While some detrimental effects to the fetus following prenatal cannabis use have been observed in both animal models and human studies, there remains the mechanistic question of what is causing these changes. Some studies have proposed epigenetic reprogramming that may occur in the mothers and the babies following prenatal cannabis use. Prior studies have focused on the effects of prenatal cannabis use increasing the likelihood of the children's substance abuse later in life, and have found positive correlations to DNA methylation and histone modification in these cases. Additionally, it has been shown that paternal cannabis use alters DNA methylation in sperm of rats and humans, which could also have important implications for development. However, to-date, there have not been any studies correlating epigenetic changes and neurodevelopmental changes in infants prenatally exposed to cannabis.

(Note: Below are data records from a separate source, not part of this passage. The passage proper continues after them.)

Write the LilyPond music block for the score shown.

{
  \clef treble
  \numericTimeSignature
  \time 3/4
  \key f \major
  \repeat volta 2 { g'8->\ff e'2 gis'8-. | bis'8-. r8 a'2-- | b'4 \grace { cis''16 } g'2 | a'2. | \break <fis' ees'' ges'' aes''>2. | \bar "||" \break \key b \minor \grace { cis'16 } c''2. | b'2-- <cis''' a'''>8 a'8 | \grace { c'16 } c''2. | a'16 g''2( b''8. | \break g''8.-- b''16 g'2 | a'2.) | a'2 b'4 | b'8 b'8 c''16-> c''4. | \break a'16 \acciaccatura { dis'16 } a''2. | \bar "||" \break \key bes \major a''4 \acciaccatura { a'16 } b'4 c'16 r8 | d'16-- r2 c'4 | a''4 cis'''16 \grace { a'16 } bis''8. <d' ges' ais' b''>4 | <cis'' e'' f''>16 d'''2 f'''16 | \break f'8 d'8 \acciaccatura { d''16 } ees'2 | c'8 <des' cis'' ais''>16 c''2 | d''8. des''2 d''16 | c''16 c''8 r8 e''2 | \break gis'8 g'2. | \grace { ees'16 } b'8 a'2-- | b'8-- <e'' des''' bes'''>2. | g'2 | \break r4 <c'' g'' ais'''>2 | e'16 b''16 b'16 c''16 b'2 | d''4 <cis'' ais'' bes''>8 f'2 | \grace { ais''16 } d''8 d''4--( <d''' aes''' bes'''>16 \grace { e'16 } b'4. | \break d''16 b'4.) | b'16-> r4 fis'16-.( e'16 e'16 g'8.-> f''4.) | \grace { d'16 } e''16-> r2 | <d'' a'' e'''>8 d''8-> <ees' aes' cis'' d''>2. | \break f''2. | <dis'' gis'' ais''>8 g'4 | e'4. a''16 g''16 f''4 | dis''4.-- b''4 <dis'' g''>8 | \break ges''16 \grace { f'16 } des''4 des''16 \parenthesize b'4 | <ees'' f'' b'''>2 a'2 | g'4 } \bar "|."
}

Additionally, many of the prior human studies were done at a time when THC content in marijuana was not as high as is in today's market, which could have major implications for actual exposure levels in the fetus. The initial studies that evaluated the effects of prenatal cannabis use on fetal outcomes were done in the early 1990s, at a time when average THC potency in seized marijuana in the United States was approximately 4%. The most recently reported potency of seized illicit cannabis plant material is approximately 12%. Additionally, the ratio of psychoactive THC content to non-psychoactive cannabidiol content has increased from approximately 14 to 80 between 1995 and 2014. These factors suggest a need for more updated studies that examine the effects of current high potency levels of fetal exposure to cannabis, as an increase in potency may have greater effects on the developing fetus.

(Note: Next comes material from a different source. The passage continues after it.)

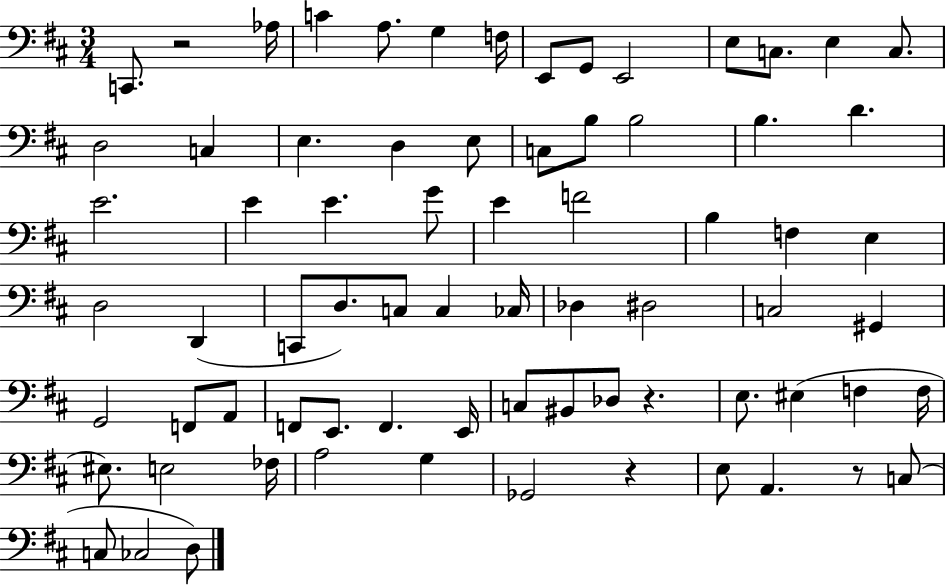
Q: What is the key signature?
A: D major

While there have been some prior studies measuring the effects of fetal exposure to THC specifically, there have been no studies to-date that have evaluated the effects of CBD exposure on the developing fetus. CBD (also known as hemp) supposedly lacks psychoactive THC components, making it legal, widely available, and generally perceived to be safe.CBD is touted as a treatment for a number of conditions, including depression, anxiety, pain, and cancer. These factors, in addition to strong marketing campaigns, have most likely caused an increase in prenatal CBD use in recent years. A recent study conducted in mice found that CBD activates a large range of CYPP450 enzymes. While these data are preliminary, CYPP450 activation raises the concern of drug-drug interactions and suggests that biologic activity of CBD is not fully understood. However, there are no published studies evaluating the effects of prenatal CBD use on fetal outcomes or neurodevelopment. Additionally, many CBD products have been shown to contain varying concentrations of CBD, or are contaminated with synthetic cannabinoids (e.g. K2, "spice") or THC. The investigators will establish the exact composition of the products the pregnant women are taking in order to properly evaluate potential exposure levels in the developing fetus. The investigators will then correlate that exposure with neurodevelopmental outcomes.